**TASK REQUIREMENTS**. Starting at the line below with "Quistes de la region maxilofacial" and stopping at the line with "Balo concentric sclerosis", please print each line exactly, those two included, and skip every picture.

**RECORDS**.
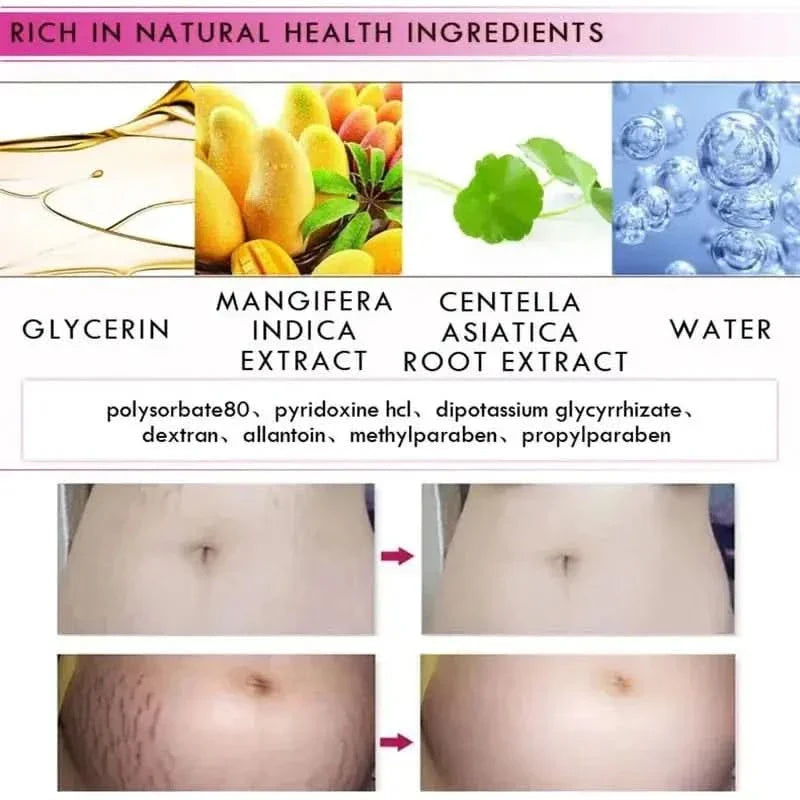 Natural Pregnancy Stretch Mark Removal Cream 40g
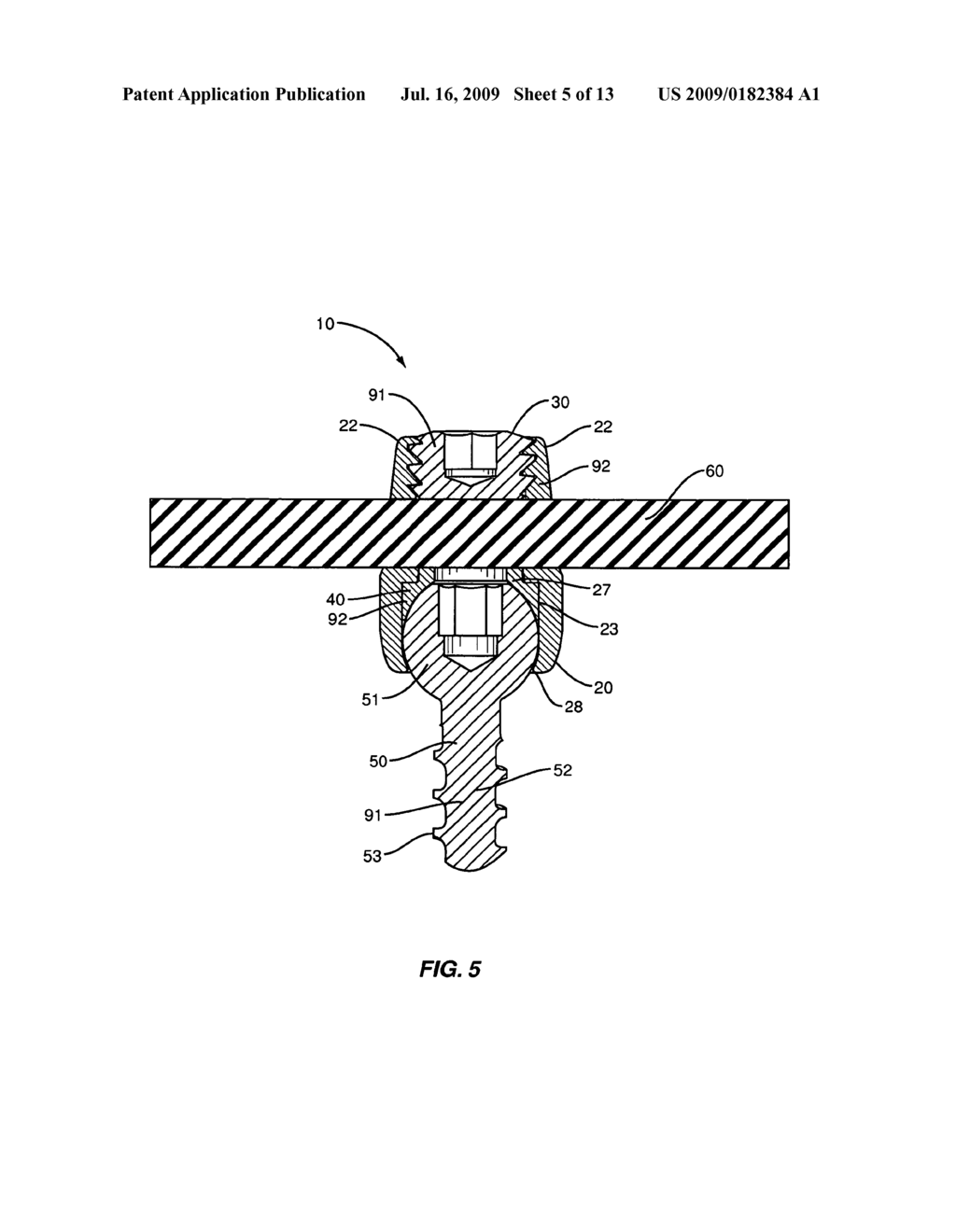 MATERIAL COMBINATIONS FOR MEDICAL DEVICE IMPLANTS - diagram, schematic, and image 06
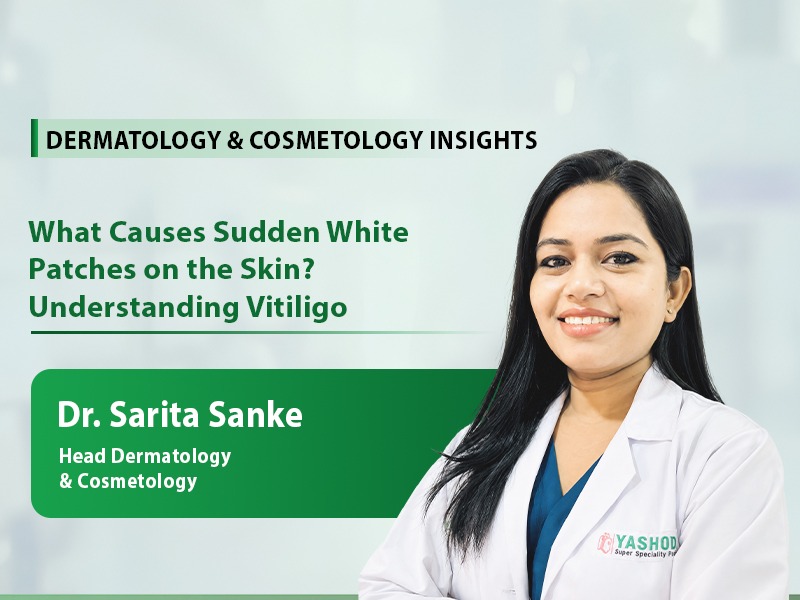 What Causes Sudden White Patches on the Skin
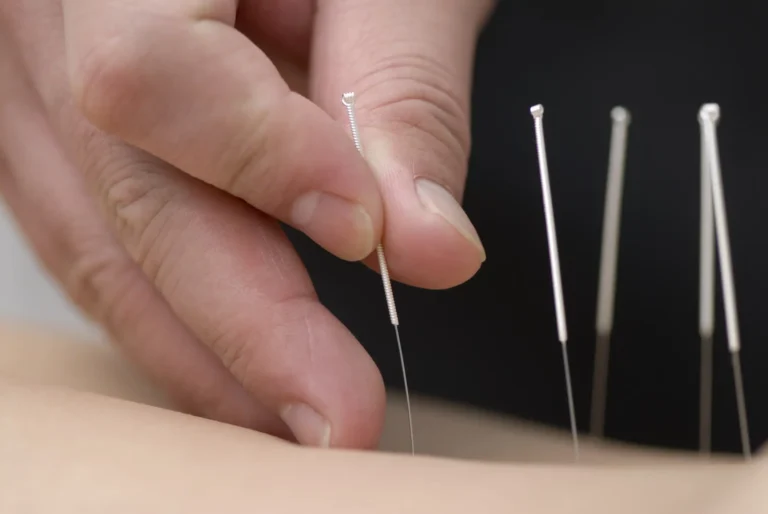 Acupuncture in Winnipeg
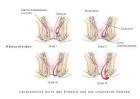 Proktologie Proktologische Beschwerden Hämorrhoiden DR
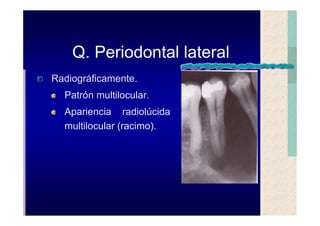 Quistes de la region maxilofacial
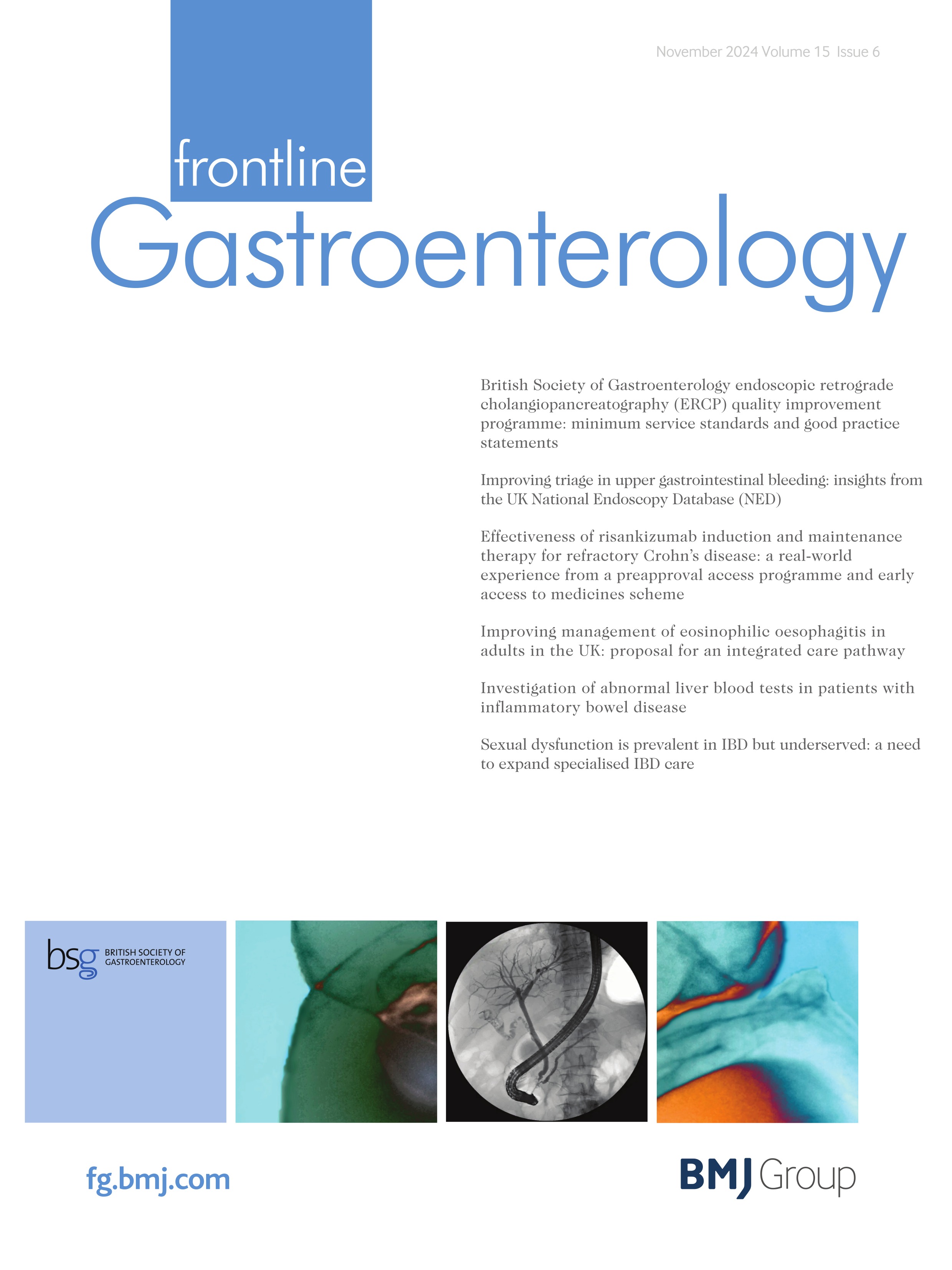 British Society of Gastroenterology Endoscopic Retrograde Cholangiopancreatography (ERCP) Quality Improvement Programme: minimum service standards and good practice statements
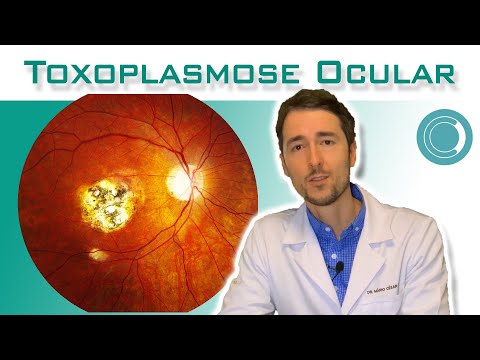 Ocular toxoplasmosis - treatment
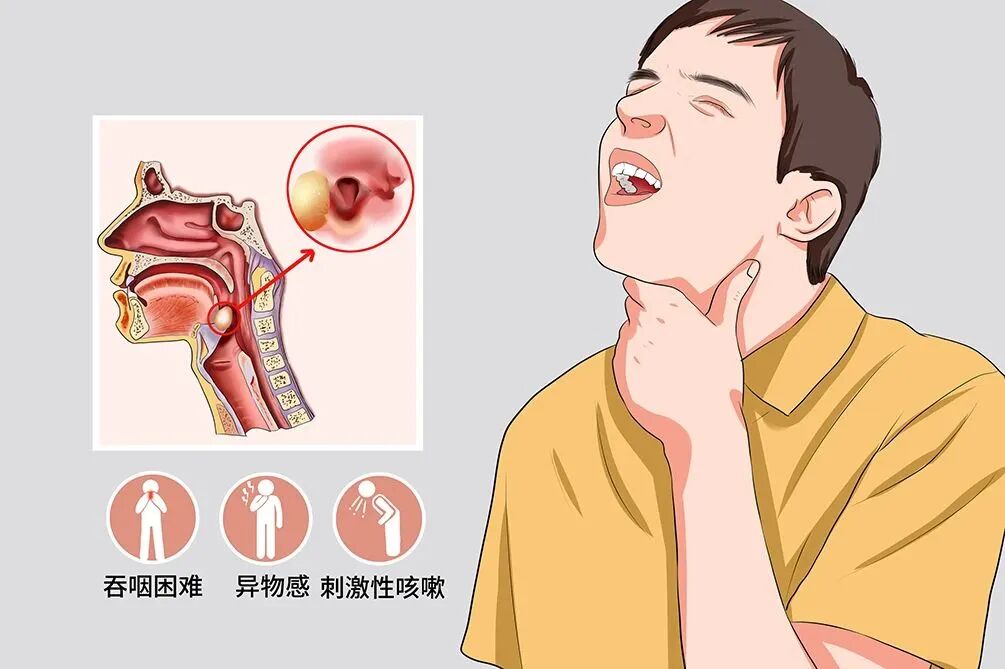 喉镜怎么不能无痛特色检查｜无痛又高清！这个利器可以让耳鼻喉科医生“镜”观其变_https://www.jmylbn.com_新闻资讯_第18张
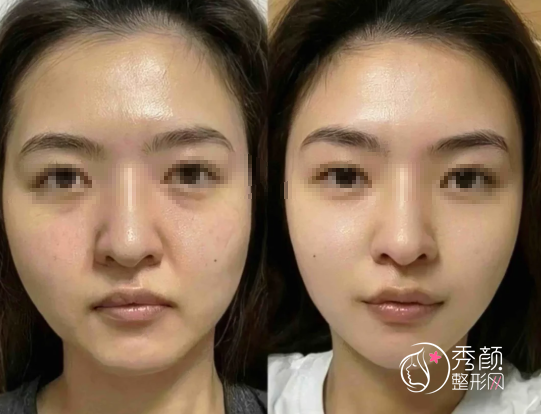 北京拉皮手术医生排名：杨大平、李晓东、黄寅守、柳民熙、杜太超…实力强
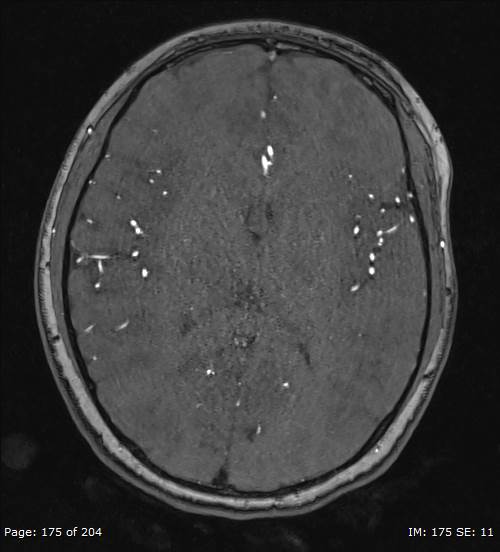 Balo concentric sclerosis (Radiopaedia 61637-69636 Axial MRA 175).jpg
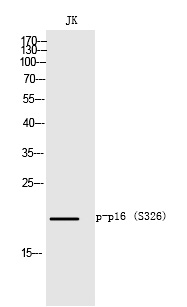 p16 (Phospho-Ser152) Polyclonal Antibody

**SOLUTION FOR THIS EXERCISE**.
 Quistes de la region maxilofacial
 British Society of Gastroenterology Endoscopic Retrograde Cholangiopancreatography (ERCP) Quality Improvement Programme: minimum service standards and good practice statements
 Ocular toxoplasmosis - treatment
 喉镜怎么不能无痛特色检查｜无痛又高清！这个利器可以让耳鼻喉科医生“镜”观其变_https://www.jmylbn.com_新闻资讯_第18张
 北京拉皮手术医生排名：杨大平、李晓东、黄寅守、柳民熙、杜太超…实力强
 Balo concentric sclerosis (Radiopaedia 61637-69636 Axial MRA 175).jpg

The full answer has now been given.